[pve-devel] [PATCH qemu-server 4/4] implement PoC migration to remote cluster/node

Wed Mar 11 09:48:29 CET 2020

On March 11, 2020 8:55 am, Alexandre DERUMIER wrote:
> Hi,
> 
> Thinking about cross-cluster migration,
> 
> is there any plan to share storage across different cluster?
> It's not uncommon to  have multiple cluster as we are currently limited by corosync, and a shared storage with differents pools.

not yet. I guess you are thinking about Ceph? if you have a pool per 
cluster, you could simply configure them (with appropriate names to 
avoid mis-usage) on all clusters, and we could add a third level to our 
proposed targetstorage map. e.g., for a migration from cluster a to 
cluster b:

local_ceph:ceph_cluster_a:1

where the '1' indicates that these two storages are 'shared' in the PVE 
sense of having identical content on both clusters. in that case, 
instead of allocating a new volume and starting an NDB mirror, we'd just 
need to rewrite the volid and that drive would be done.
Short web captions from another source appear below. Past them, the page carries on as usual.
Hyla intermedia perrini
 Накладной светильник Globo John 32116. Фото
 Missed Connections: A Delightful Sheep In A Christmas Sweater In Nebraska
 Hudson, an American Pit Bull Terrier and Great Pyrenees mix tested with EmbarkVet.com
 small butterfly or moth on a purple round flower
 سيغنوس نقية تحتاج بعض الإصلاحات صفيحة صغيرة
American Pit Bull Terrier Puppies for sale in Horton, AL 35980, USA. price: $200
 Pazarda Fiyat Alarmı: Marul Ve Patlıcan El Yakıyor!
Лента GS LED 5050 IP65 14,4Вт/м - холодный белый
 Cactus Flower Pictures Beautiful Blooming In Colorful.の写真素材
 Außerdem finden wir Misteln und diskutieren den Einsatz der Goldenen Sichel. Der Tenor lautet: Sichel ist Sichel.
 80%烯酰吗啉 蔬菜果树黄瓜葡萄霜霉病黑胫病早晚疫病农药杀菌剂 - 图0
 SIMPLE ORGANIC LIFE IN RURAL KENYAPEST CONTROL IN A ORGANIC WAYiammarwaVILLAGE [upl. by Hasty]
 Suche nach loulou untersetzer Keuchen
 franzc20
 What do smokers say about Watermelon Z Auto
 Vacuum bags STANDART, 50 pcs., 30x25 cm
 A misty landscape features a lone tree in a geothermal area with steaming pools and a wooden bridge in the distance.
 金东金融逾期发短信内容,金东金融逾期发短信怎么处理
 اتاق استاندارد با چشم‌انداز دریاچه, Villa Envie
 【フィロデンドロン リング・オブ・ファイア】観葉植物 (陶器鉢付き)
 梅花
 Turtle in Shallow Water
we could extend the storage config schema to add a 'guests' property 
similar to the 'nodes' one, to limit the view to certain vmids. a remote 
incoming migration could then add the vmid to that list on the target 
cluster, a remote outgoing migration could remove it on the source 
cluster. alternatively, we could have such a list/list of ranges on the 
datacenter level instead of the storage level (to signify: these VMs 
belong to this cluster), and simply ignore anything else. I think I need 
to think more about this ;)

> It could avoid data copy and allow simple live migration (through the new websocket)

yes, and to do a final 'cleanup' you could then do a move disk, or you 
could keep the disk where it is forever.

> The main problem is unique ids.  Guid could be a solution, but only implemented for disk id, 
> we couln't track orphans disk associations with vmid.

the problem is that we'd like to have the vmid in the volid to track 
ownership. replacing that with a random ID does not solve the problem, 
as we'd still need to track ownership somehow. as soon as we put that 
somewhere, we are back to square one.

> and using guid for vmid too, we can't use tap|veth current scheme, as they are limited 15 bytes. 
> (guid are 128bits, so 16 bytes  + an extra byte for nic number).

they are also way less readable / memorable. generating a short ID for 
the NICs is not the issue I think.

> Of course, this should be optionnal. but if an guid is detected, we could allow cross cluster live migration without disk migration.

as long as you somehow ensure that VMIDs don't conflict between 
clusters[1] a sort of shared storage migration would easily be possible. 
you could even not give any user allocatespace permission on the 
storages that are owned by other clusters. it kind of conflicts with 
another idea that I have been toying with though, which is 'targetvmid' 
to enable cross-cluster migration where the VMID does have a conflict ;)

1: e.g., by having a naming scheme where the VMID is prefixed by some 
sort of short cluster ID